Location A (Primary)
-
Keepalived (VRRP) for high-availability networking.
-
Keycloak for authentication and identity management.
-
ACME for automated certificate issuance.
-
OCSP / HTTP CRL for certificate revocation services.
-
EST, CLM, and SCEP for certificate management.
-
MariaDB Galera Node for database clustering.
-
CARA Admin and CARA for certificate authority and administration.
-
Runs on a single Virtual Machine (VM).
-
HSM (Hardware Security Module) for key management and cryptographic operations.
High-Availability Mechanisms
-
VRRP (Keepalived): Used to provide floating virtual IP addresses for frontend and backend services, ensuring seamless failover.
-
MariaDB Galera Cluster: Multi-master database cluster that ensures data consistency and failover between primary and secondary locations.
-
HSM Synchronization: Ensures cryptographic operations remain consistent across locations.
-
Quorum-based Failover: The arbitrator node prevents split-brain situations by participating in voting for database cluster integrity.

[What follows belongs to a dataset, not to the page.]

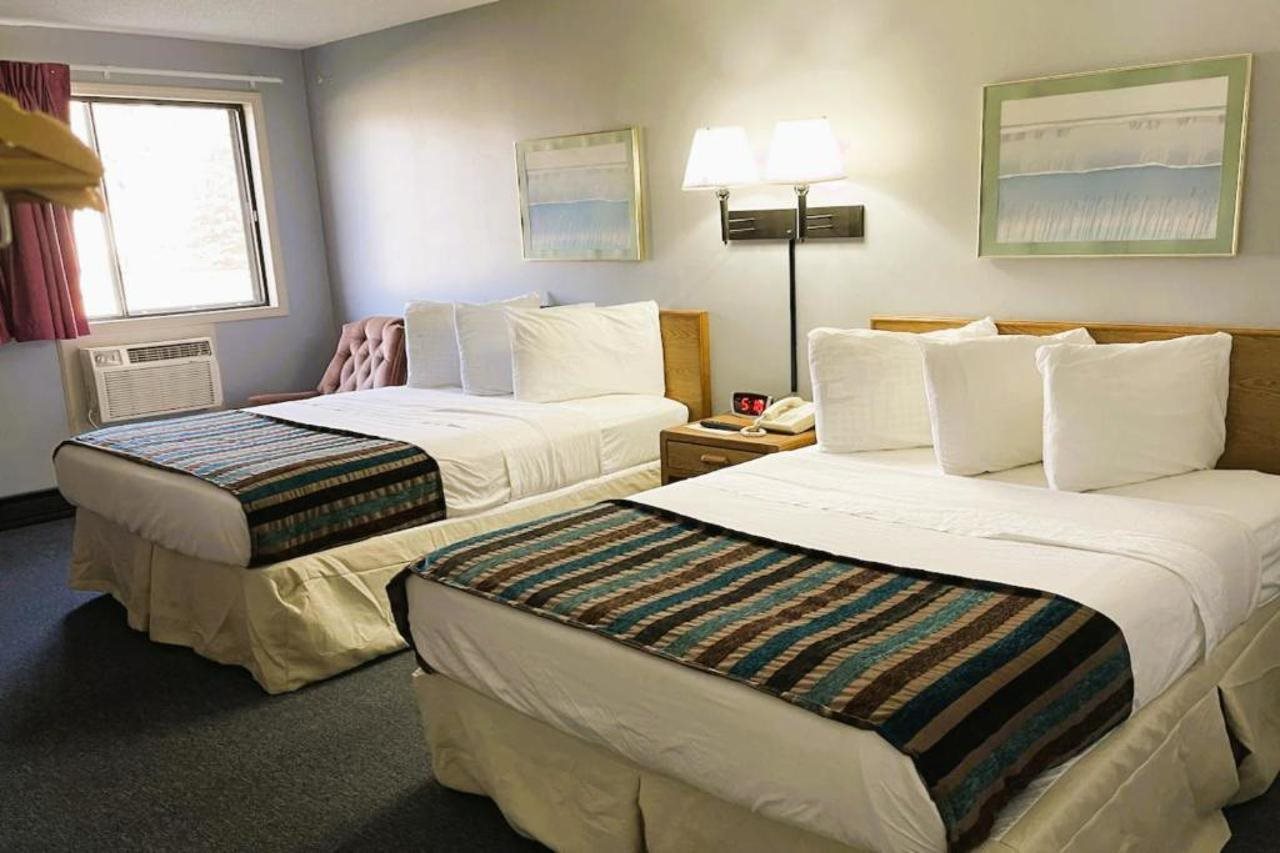 OYO Hotel Pipestone MN Canterbury Park - photo 18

Data Flow and Failover Scenarios
-
Normal Operation:
-
Location A handles primary PKI operations.
-
Location B remains in sync, ready to take over.
-
Location C acts as an arbitrator for database quorum.
-
-
Failure at Location A:
-
Location B automatically takes over using VRRP failover mechanisms.
-
Database operations remain available due to Galera Cluster.
-
-
Failure at Location B:
-
Location A continues normal operations.
-
Location C ensures database cluster stability.
-
-
Failure at Location C:
-
No immediate impact unless a second location fails.
-
Database failover still works between primary and secondary sites.
-
Conclusion
This architecture provides a robust HA design for a PKI platform, ensuring minimal downtime, database integrity, and secure cryptographic operations. By leveraging VRRP, MariaDB Galera Cluster, and HSM synchronization, the system achieves redundancy, failover readiness, and secure key management across multiple locations.